一方、PNPトランジスタ141が完全にオン状態に移行した後には、そのコレクタ・エミッタ間電圧Vce1は低下し、ゲート駆動分離回路(NMOSトランジスタ)GDA2001の閾値電圧Vtよりも小さい電位となって、発光サイリスタThy2001のゲート電位は上昇することになる。前記したように、閾値電圧Vtの典型例が0.8Vであるのに対して、発光サイリスタThy2001のアノード・ゲート間電圧、即ちPNPトランジスタ141のコレクタ・エミッタ間電圧Vce1は略0.2Vである。
この結果、ゲート駆動分離回路(NMOSトランジスタ)GDA2001の第2端子から発光サイリスタThy2001のゲート端子の側に流れる電流Igは略ゼロとなって、発光サイリスタThy2001のアノード端子にはカソード電流Ikと略等しいカソード電流Iaが流れることになり、発光サイリスタThy2001は完全にオン状態となる。
図27(c)は、上記した発光サイリスタThy2001のターンオン過程を説明するグラフ図であって、横軸はカソード電流Ikを示し、縦軸はアノード・カソード間電位Vaを示している。発光サイリスタThy2001の消灯状態においてはアノード電圧Va、カソード電流Ikは略ゼロであり、グラフの原点(0,0)の状態にある。発光サイリスタThy2001のターンオン開始に伴い、ドライバDV1のカソード駆動端子DO1によるカソード駆動が行われるとカソード電位が降下し、同図(c)に矢印で示したようにアノード・カソード間に電位差を生じてVp電位に到達する。
この電位差Vpは、ゲート駆動分離回路(NMOSトランジスタ)GDA2001の閾値電圧VtとNPNトランジスタ142のベース・エミッタ間電圧Vbeの加算値に対応するものであり、この電圧が発光サイリスタThy2001のゲート・カソード間に順方向に印加されることでゲート電流(これはNPNトランジスタ142のベース電流Ibに等しい)を生じる。同図(c)において、丸印を付して示すポイント(Ip,Vp)は、発光サイリスタThy2001のオフ領域(A)とオン遷移領域(B)との境目に相当している。
次いで、カソード電流Ikが増加するに伴いアノード・カソード間電圧Vaは低下していき、丸印を付して示すポイント(Iv,Vv)に到達する。このポイントは発光サイリスタのオン遷移領域(B)とオン領域(C)との境目に相当し、このときのゲート電流Igは略ゼロにまで低下していて、ゲート駆動分離回路(NMOSトランジスタ)GDA2001は、実質的に発光サイリスタThy2001から切り離されたのと等価な状態にある。
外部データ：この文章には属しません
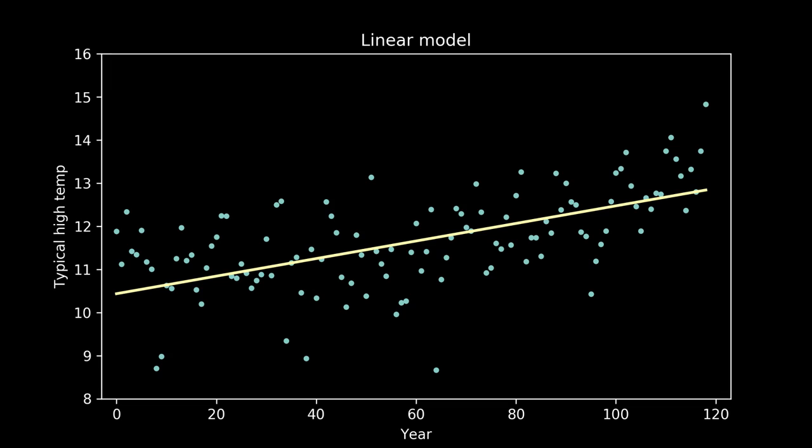Too much bias in our model means that it will perform poorly in all situations because it hasn't captured the signal well. You may also hear this called underfitting. This was the case when we fit a straight line to our temperature data — it didn't capture the underlying pattern well and had a much higher error than the rest of our candidates. A linear model fit to this data has high bias.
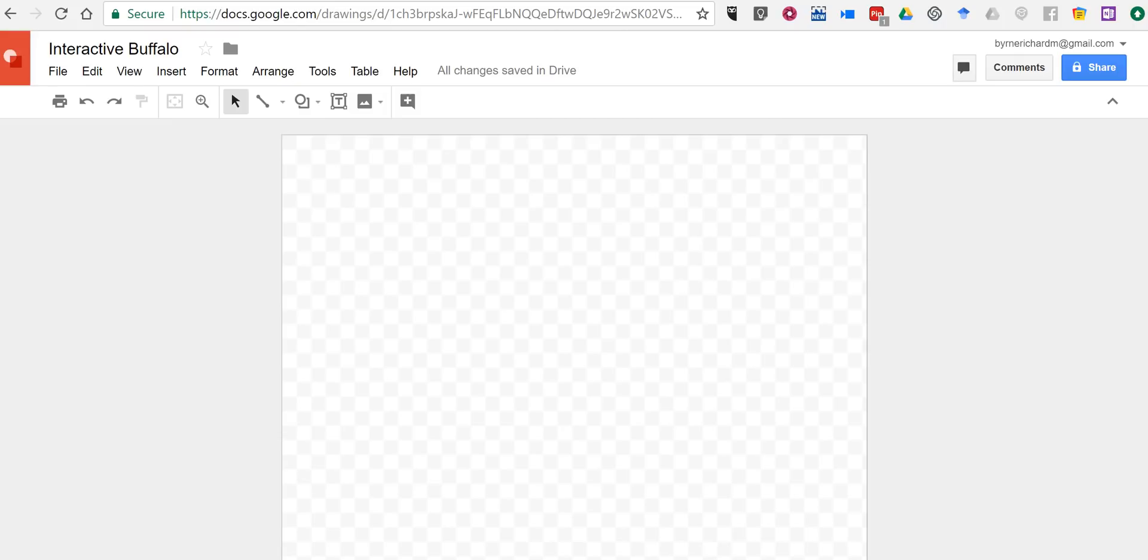Hi, I'm Richard Byrne. In this video I want to show you how you can add hyperlinks to an image inside of Google Drawings.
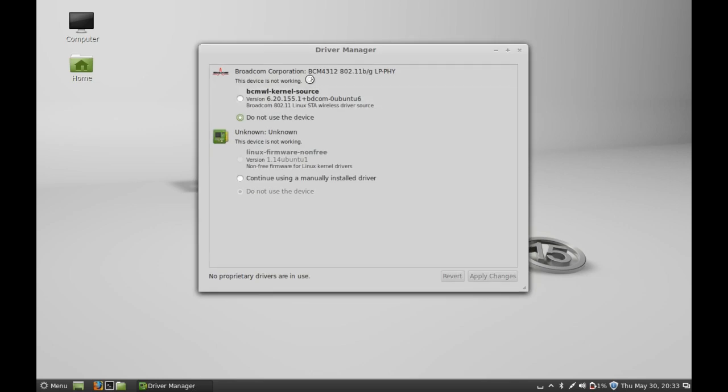So this is the driver manager. You have to simply select this BCMW kernel source. Just select this and click on apply changes.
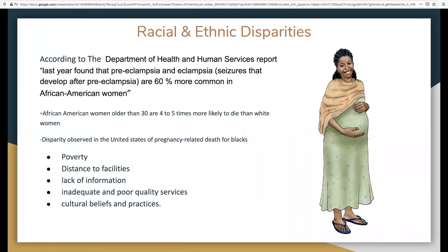Racial and ethnic disparities are devastating for families and communities. Racial and ethnic disparities in pregnant women's related deaths are persistent over time. This is urgent and needs to be addressed by identifying all complex factors contributing to these disparities and designing interventions that can reduce preventable pregnancy-related deaths. According to the Department of Health and Human Services, a report found that preeclampsia and eclampsia — seizures that develop after preeclampsia — are 60% more common in African American women.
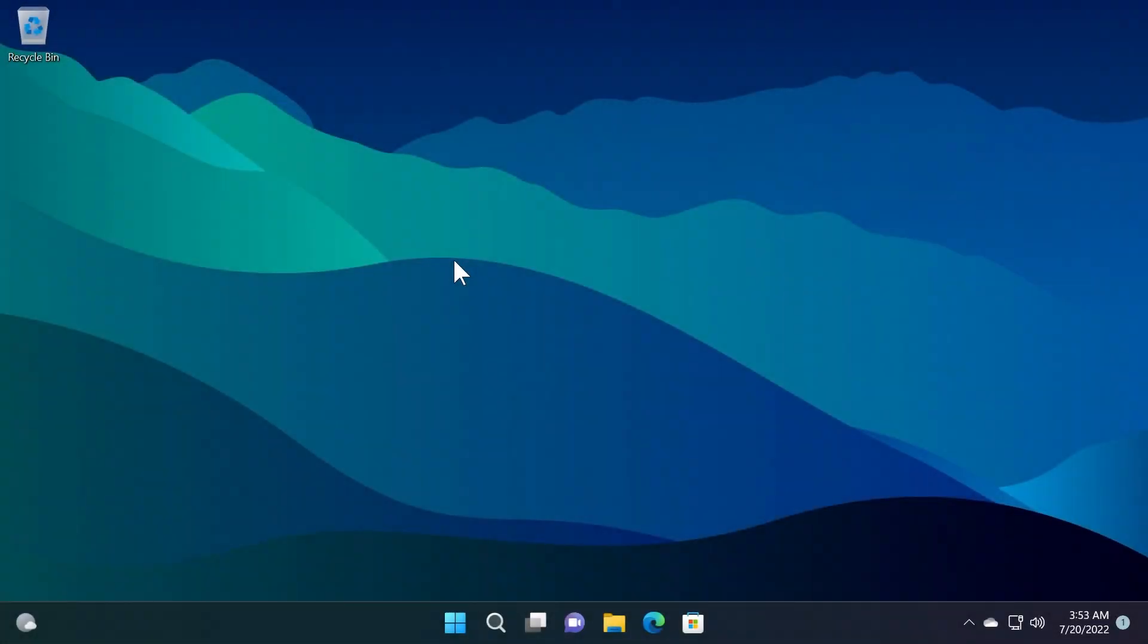Hi guys and welcome to Tech Base. In this video we're going to talk about the latest Windows 11 Insider Preview build for the Beta Channel, to be more exact for the Windows 11 22H2 version.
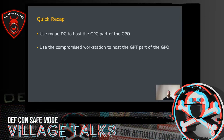The most important thing to remember about this attack is that we used our rogue DC to host the GPC part of the GPO — the LDAP part — and then we used the compromised Workstation02, on which we were local admins, to create a new SYSVOL share and host the GPT part of the GPO.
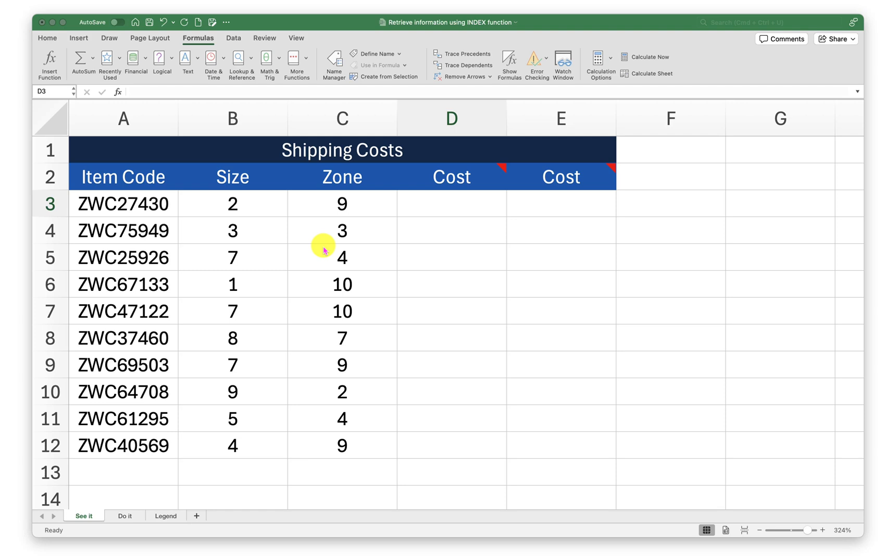Hello and welcome to another episode of Excel learning tutorial with Syed. In this episode we will try to retrieve information using index function from a specific data set.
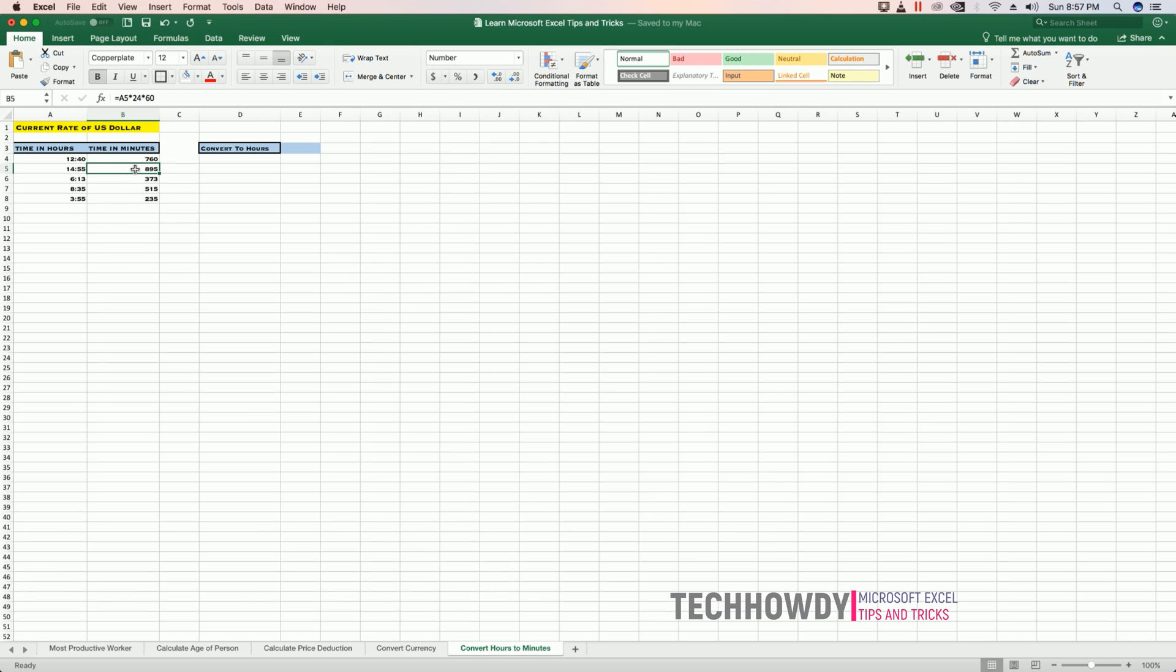Now my entire cell range format has been changed to number, and I can see the time in minutes that has been converted from hours.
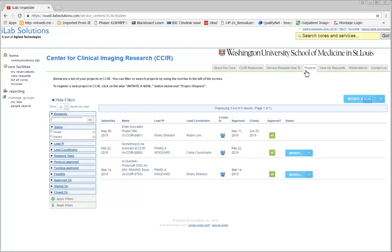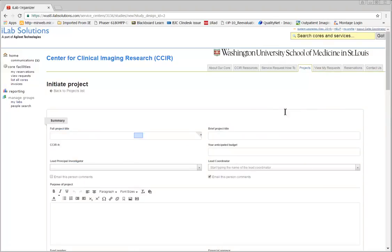Click on the blue Initiate a New Project Request button on the right. Fill in the project title, and under Brief Project Title, put the HARPO number.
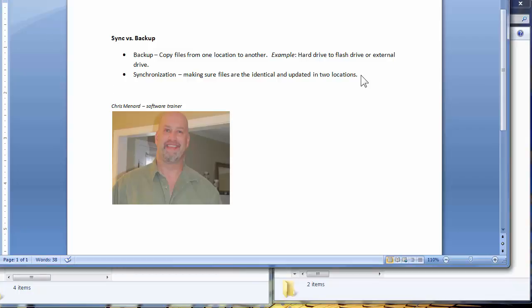Hello, this is Chris Menard. Today I'm going to discuss backing up your files versus synchronizing your files.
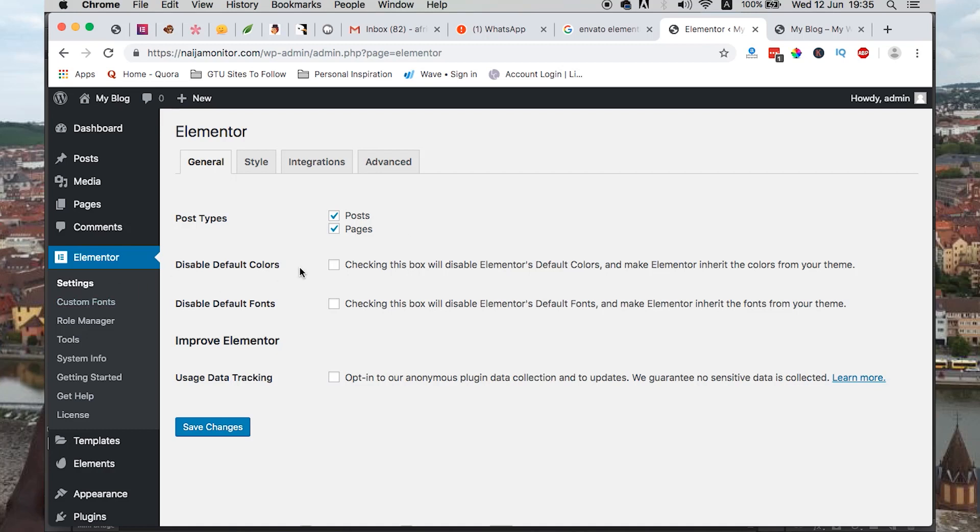Hi guys, Hamza here and welcome to this video. I'm going to show you how to create pop-ups using Elementor Pro and Envato Elements.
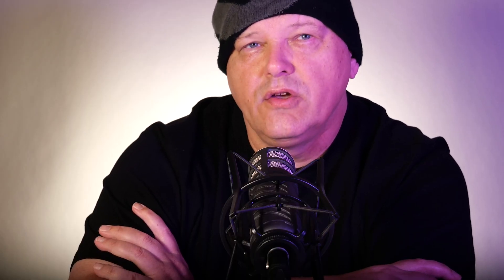Almost all the roles listed a database requirement. So you're going to need a solid background in one or more relational databases — for example, SQL Server, MySQL, or Postgres.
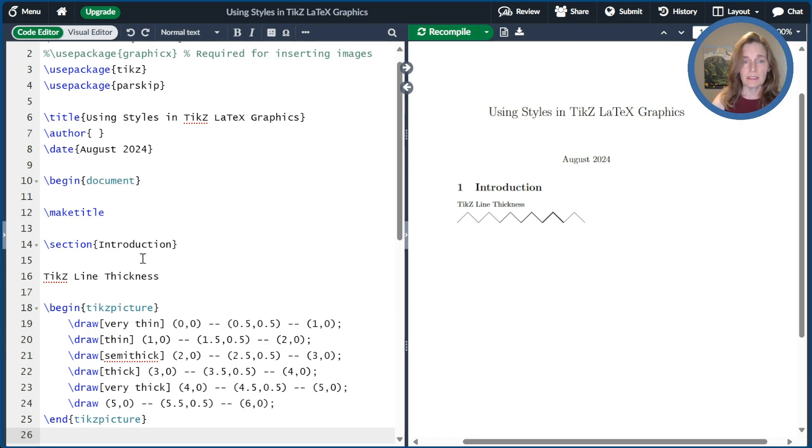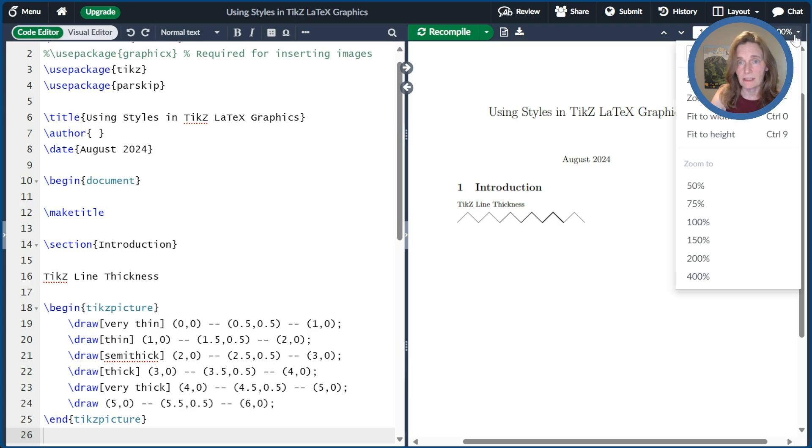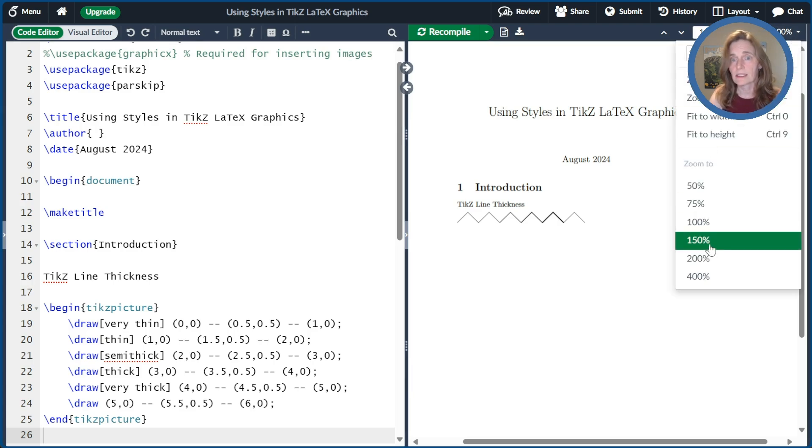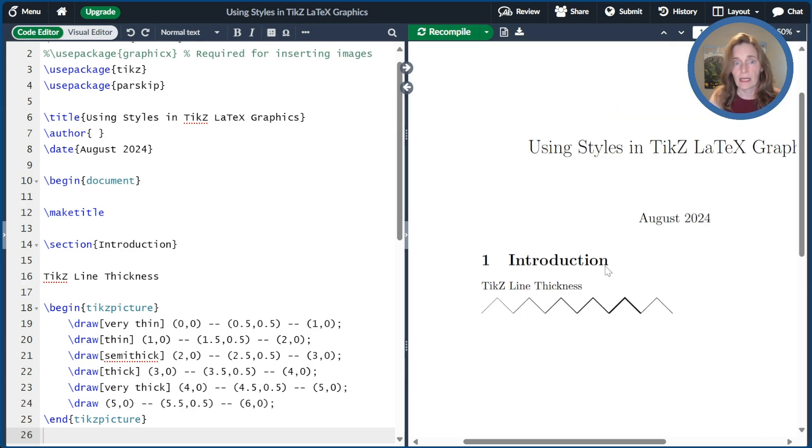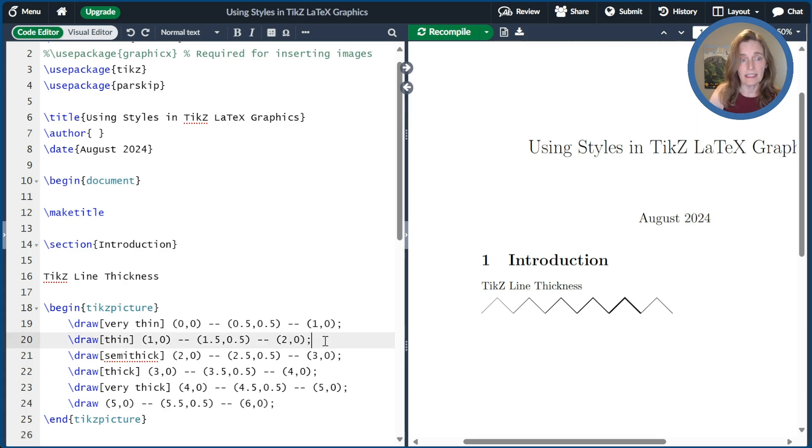And now we see the different thickness of lines as we change it. So how did I change those thicknesses? I put an option after the draw command in square brackets. And so the first one I made very thin. The second one is thin. That's actually the default width.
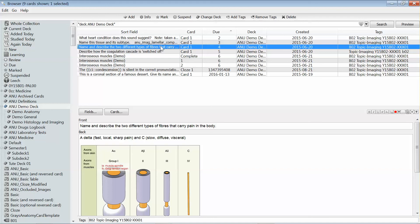There are also another couple of styles of cards called a cloze deletion or an image occlusion, which we'll cover off today because they're quite popular card types, particularly within medicine-related flashcard decks. You're likely to come across them, and we'll spend a couple of clips going over how you would make each type. I just want you to be aware of what they are for this clip.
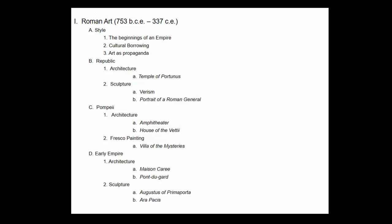In this lecture on Roman art, we're going to look at the history of Roman art and culture. I'm going to divide it in two halves. In the first half, we'll look at Roman Republican art, Pompeii, and the early empire. Then in the second half, we'll look at the late empire and the transition to antiquity.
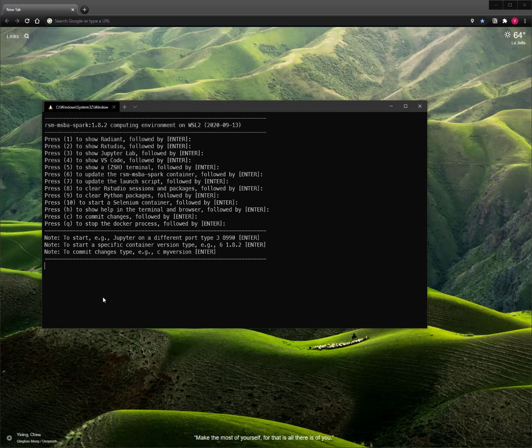In this video, I'll show you how to start VS Code, and then set it up so that you can execute both R and Python code directly from VS Code.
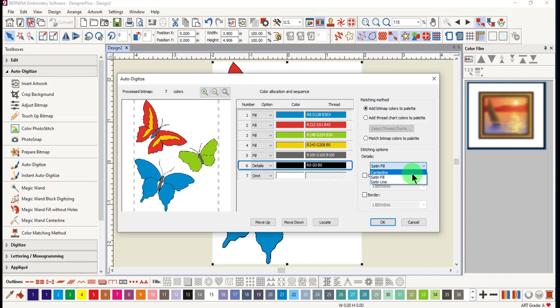Let's choose center line for this image. The white background, again, is automatically omitted.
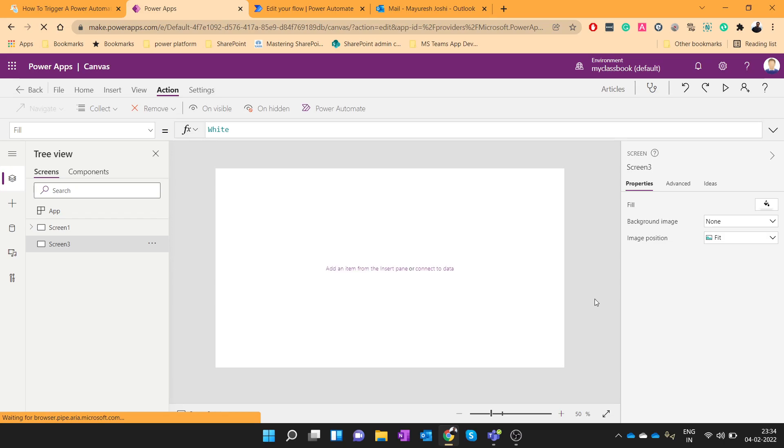Hello everyone, my name is Mayuresh Zoshi from Office365Nodes.com. In today's video, we will see how we can trigger a Power Automate from PowerApps.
更に、カソード電流Ikが増加するに伴い、アノード・カソード間電圧Vaは増加していき、丸印を付して示すポイント(I1,V1)に到達する。このポイントは発光サイリスタの発光駆動の最終動作ポイントであり、ドライバDV1のカソード駆動端子DO1に流れ込むことを許されたカソード電流Ikに応じた所定の発光パワーで発光駆動がなされる。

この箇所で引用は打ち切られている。